司宁盯着他看了一会儿,在他炸毛之前收回视线,说:“我还以为你发现月嫂虐待孩子了。”

“我发现个屁,那女人敢虐待他试试……”盛一雷刚才说得挺欢,这会儿倒是一副不想再说的表情,把筷子一摔,“我吃饱了!”

司宁看着他的背影,若有所思。

下午回校又遇见了越时,不是在校门口,而是在小徐停车的小巷口。

正午热烈的阳光下,少年找了一块阴影处,单脚撑地,嘴里叼着一根雪糕棍,瞧见他从车上下来,一乐,“我这算是发现你的秘密基地了?”

司宁没回答他这个问题,小徐探出车窗瞧了两眼,朝越时友好的笑笑,倒车离开。

晚上快下课的时候,司宁会给他发信息,让他过来接。中间这段时间就是他的自由时间了。

越时看车走远了,便把雪糕棍拿下来,随手往不远处的垃圾桶一丢,正中红心。他掀开车前杠上披着的外套,拍了拍,说:“上来,哥载你过去。”

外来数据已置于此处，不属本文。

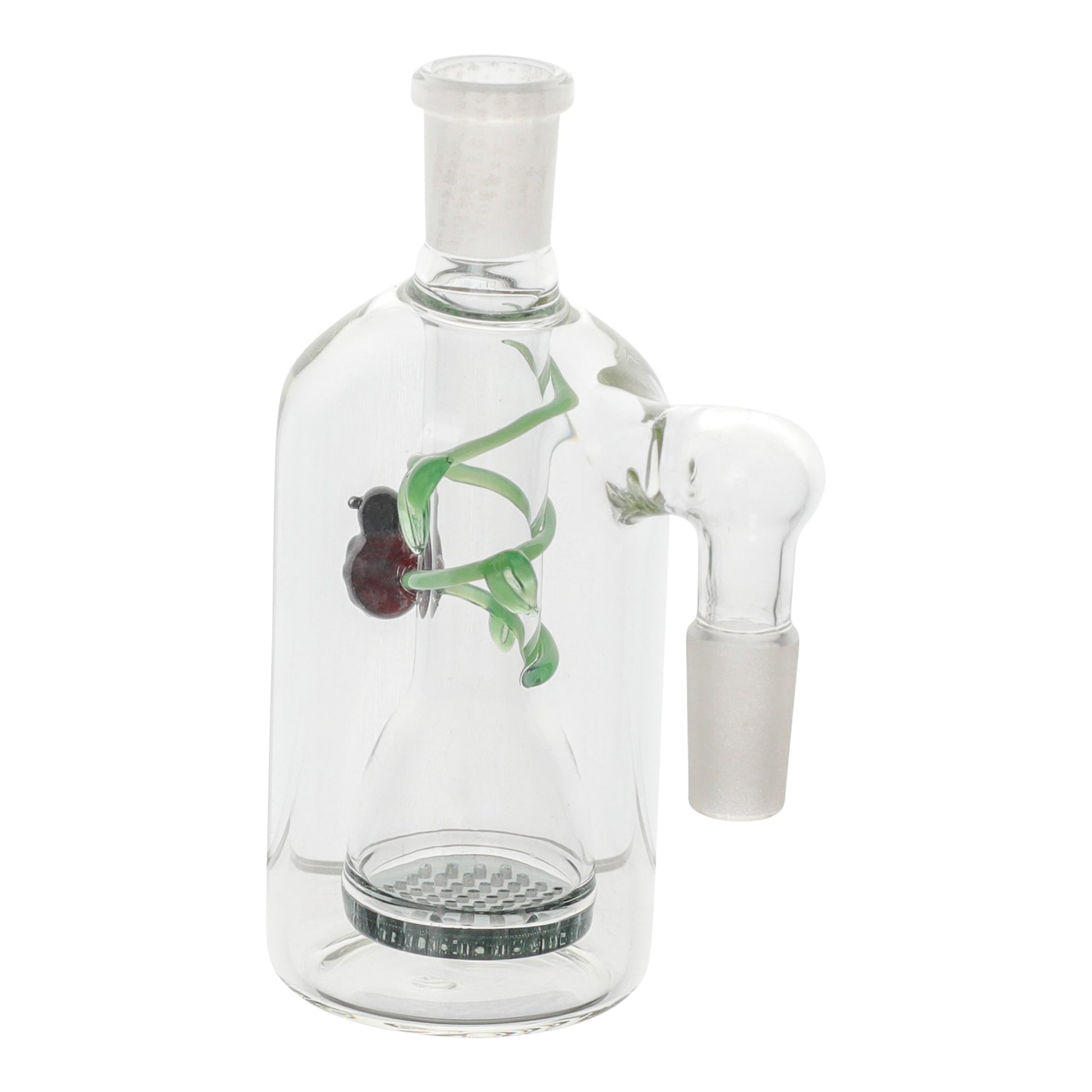 Amy Twisting Vine Ash Catcher 5in Borosilicate Glass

司宁看到那个位置,就想起自己中午坐在上面时,越时在他耳边说话的感觉,耳朵忍不住动了动。

“不用。”他说,“我走习惯了,你自己先去吧。”

越时看他不乐意坐,也没说什么,大长腿撑在地上,在他旁边慢悠悠的往前划拉。

他很怕热,从阴影里出来的这么一点工夫,脸上、脖子上就全是汗了,黏腻腻的很不舒服。

越时掀起衣服下摆,随便擦了下,用手摸了摸车前杠的位置,再次提出邀请:“温度不高,不会烫你屁股的,上来吧。”